Les autres amendements n’ont que peu, voire aucune chance de passer. Éric Ciotti veut par exemple contraindre les plateformes intermédiaires à glaner de chaque utilisateur souhaitant accéder à leurs services, une pièce d’identité.
« Concrètement, si un individu veut ouvrir un compte Twitter, Facebook, etc.… il devra au préalable fournir une pièce d’identité au site Internet ainsi qu’une déclaration de responsabilité pour les propos qu’il tient, assure l'élu LR dans l'exposé des motifs. L’objectif est double : celui qui publie un message sera non seulement identifiable immédiatement, mais aussi responsable des contenus qu’il aura publiés.
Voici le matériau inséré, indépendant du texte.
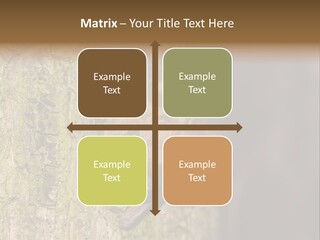 Noctula European Tree PowerPoint Template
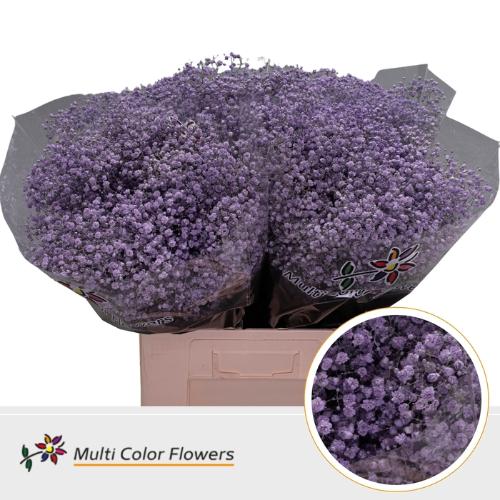Gypsophila overig kleurbehandeld H%
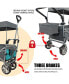 Collapsible Utility Wagon with Canopy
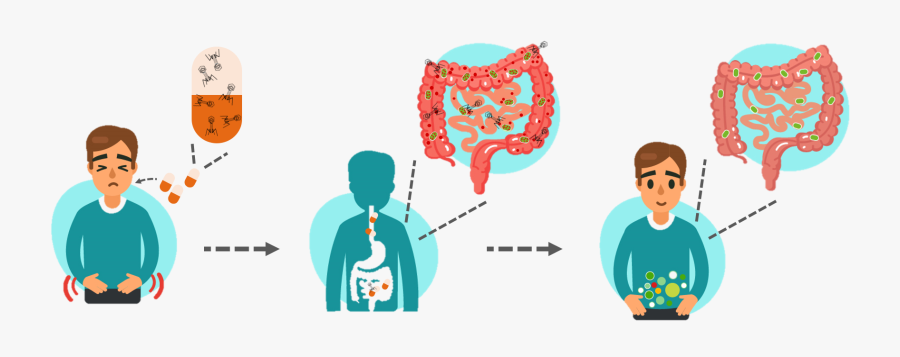 Illustration, Transparent Clipart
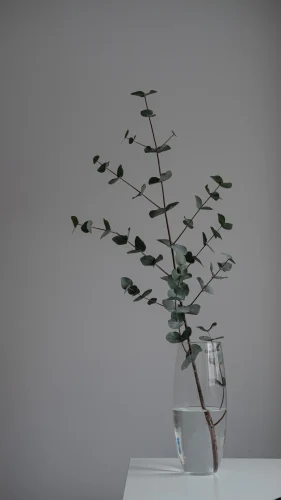 Hình nền trắng 206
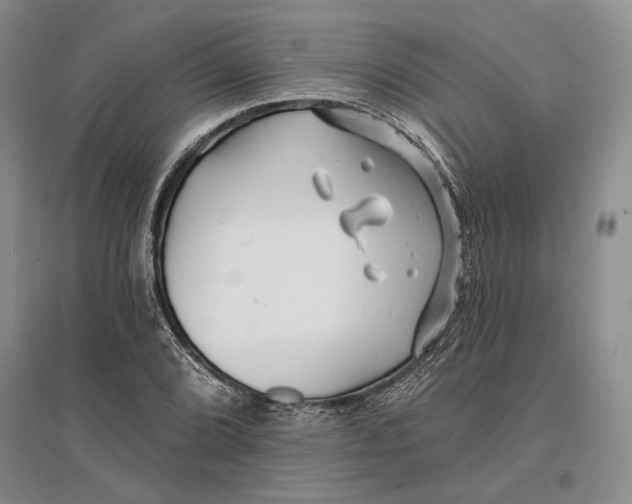 X0000096991072200802291204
Cela sera de nature à remédier au sentiment d’impunité qui existe pour les auteurs de propos haineux sur Internet ».
Il veut également que les plateformes qui ne suppriment pas un contenu soient condamnées à un maximum non de 1,25 million d’euros, mais 37,5 millions d’euros, « conformément aux recommandations du rapport visant à renforcer la lutte contre le racisme et l’antisémitisme sur Internet de septembre 2018. »
Ces dernières propositions vouées à l’échec ont une utilité : faire passer les autres dispositions comme plus douces, plus sympathiques.